You know that tingly feeling you get when you read something, look at a picture, or hear a song that subtly and effortlessly changes the way you think?

I don’t know about you, but for me thoughts, ideas and emotions can often feel like puzzles that stubbornly demand a solution, until something or someone helps make the problem evaporate or dissolve. Suddenly I can zoom in, out or around the problem, and it is utterly transformed. As that philosophical trickster Ludwig Wittgenstein wrote:

It is not surprising that the deepest problems are in fact not problems at all.

A few months ago, a tweet from Matt Kirschenbaum had this effect on me.

It wasn’t the tweet itself, so much as what the tweet led to: Steven Jackson‘s Rethinking Repair, which recently appeared in the heady sounding Media Technologies Essays on Communication, Materiality, and Society.

I’ve since read the paper three or four times, taken notes, underlined stuff to follow up on, etc. I’ve been meaning to write about it here, but I couldn’t start…I suppose for reasons that are (or will become) self evident. The paper is like a rhizome that brings together many strands of thought and practice that are directly relevant to my personal and professional life.

I’ve spent the last decade or so working as a software developer in the field of digital preservation and archives. On good days this seems like a surprisingly difficult thing, and on the bad days it seems more like an oxymoron…or an elaborate joke.
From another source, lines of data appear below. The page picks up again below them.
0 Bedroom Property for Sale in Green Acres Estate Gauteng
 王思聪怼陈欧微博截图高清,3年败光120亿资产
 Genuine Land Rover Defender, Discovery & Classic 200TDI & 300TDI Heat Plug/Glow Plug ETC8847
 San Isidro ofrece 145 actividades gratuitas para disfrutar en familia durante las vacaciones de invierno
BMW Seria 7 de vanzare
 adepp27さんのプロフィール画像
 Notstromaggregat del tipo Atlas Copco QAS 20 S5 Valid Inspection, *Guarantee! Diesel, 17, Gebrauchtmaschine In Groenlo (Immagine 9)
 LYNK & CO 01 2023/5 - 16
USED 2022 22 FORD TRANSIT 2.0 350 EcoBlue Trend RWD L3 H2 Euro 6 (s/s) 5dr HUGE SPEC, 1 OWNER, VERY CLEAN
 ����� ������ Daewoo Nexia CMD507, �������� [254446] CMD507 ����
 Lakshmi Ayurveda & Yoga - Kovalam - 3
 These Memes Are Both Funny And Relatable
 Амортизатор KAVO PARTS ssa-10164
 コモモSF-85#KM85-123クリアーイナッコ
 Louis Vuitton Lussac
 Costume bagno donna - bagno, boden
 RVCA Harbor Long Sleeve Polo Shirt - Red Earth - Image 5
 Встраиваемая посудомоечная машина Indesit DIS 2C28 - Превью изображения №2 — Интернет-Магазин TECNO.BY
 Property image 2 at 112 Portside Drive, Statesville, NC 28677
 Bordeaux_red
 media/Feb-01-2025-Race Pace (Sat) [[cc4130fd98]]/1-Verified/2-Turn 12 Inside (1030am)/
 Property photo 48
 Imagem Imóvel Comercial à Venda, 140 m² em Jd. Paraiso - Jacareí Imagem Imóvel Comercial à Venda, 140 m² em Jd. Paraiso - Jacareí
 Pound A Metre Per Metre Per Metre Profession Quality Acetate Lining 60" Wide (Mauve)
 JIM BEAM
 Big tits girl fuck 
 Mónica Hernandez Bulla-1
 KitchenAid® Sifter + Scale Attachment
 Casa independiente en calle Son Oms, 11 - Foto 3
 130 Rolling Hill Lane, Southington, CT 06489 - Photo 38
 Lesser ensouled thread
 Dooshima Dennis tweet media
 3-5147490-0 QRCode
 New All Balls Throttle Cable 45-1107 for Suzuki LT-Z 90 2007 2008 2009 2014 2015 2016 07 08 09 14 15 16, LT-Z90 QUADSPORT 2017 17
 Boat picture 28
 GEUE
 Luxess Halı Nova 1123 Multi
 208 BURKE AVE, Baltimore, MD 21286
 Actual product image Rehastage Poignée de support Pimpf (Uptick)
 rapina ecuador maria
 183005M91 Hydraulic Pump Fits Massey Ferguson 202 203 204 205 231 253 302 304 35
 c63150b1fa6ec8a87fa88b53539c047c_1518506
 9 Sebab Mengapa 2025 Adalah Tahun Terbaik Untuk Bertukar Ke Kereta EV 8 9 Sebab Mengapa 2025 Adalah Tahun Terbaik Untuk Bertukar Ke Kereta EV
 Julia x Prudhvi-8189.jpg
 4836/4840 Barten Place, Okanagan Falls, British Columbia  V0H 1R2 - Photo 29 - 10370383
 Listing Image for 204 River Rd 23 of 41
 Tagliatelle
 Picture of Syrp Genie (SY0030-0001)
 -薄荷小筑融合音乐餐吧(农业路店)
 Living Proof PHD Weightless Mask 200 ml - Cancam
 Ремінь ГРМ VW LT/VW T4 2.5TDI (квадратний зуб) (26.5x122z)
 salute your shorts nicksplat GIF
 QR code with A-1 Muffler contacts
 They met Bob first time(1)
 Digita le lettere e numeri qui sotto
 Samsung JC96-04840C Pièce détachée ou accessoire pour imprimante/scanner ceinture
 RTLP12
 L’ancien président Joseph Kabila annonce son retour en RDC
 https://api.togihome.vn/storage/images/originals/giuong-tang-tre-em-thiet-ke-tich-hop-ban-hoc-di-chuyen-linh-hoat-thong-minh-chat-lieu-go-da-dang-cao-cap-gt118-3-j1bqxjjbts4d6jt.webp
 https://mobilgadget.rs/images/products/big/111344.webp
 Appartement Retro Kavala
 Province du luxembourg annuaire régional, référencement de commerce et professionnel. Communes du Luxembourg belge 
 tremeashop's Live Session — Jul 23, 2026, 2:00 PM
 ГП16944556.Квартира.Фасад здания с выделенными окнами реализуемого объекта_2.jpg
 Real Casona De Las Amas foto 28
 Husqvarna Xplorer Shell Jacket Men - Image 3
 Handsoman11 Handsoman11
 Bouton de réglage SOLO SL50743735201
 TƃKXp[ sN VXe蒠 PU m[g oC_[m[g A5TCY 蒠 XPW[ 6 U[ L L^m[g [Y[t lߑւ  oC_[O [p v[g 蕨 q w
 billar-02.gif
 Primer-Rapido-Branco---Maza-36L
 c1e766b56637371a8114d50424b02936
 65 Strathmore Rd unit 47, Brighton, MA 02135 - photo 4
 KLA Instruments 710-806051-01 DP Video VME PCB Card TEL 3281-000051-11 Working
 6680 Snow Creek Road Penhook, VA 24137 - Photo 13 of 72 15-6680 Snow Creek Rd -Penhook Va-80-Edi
At home I’ve spent the last year helping my wife start a business to change our culture one set of hands at a time, while trying to raise children in a society terminally obsessed with waste, violence and greed…and a city addicted to power, or at least the illusion of power.

In short, how do you live and move forward amidst such profound brokenness? Today Quinn Norton‘s impassioned Everything is Broken reminded me of Jackson’s broken world thinking, and what a useful hack (literally) it is…especially if you are working with information technology today.

Writing software, especially for the Web, is still fun, even after almost 20 years. It keeps changing, spreading into unexpected places, and the tools just keep evolving, getting better, and more varied. But this same dizzying rate of change and immediacy poses some real problems if you are concerned about stuff staying around so people can look at it tomorrow.

When I was invited to the National Digital Forum I secretly fretted for months, trying to figure out if I had anything of substance to say to that unique blend of folks interested in the cross section of the Web and the cultural heritage. The thing I eventually landed on was taking a look at the Web as a preservation medium, or rather the Web as a process, which has a preservation component to it. In the wrapup I learned that the topic of “web preservation” had already been covered a few years earlier, so there wasn’t much new there … but there was some evidence that the talk connected with a few folks.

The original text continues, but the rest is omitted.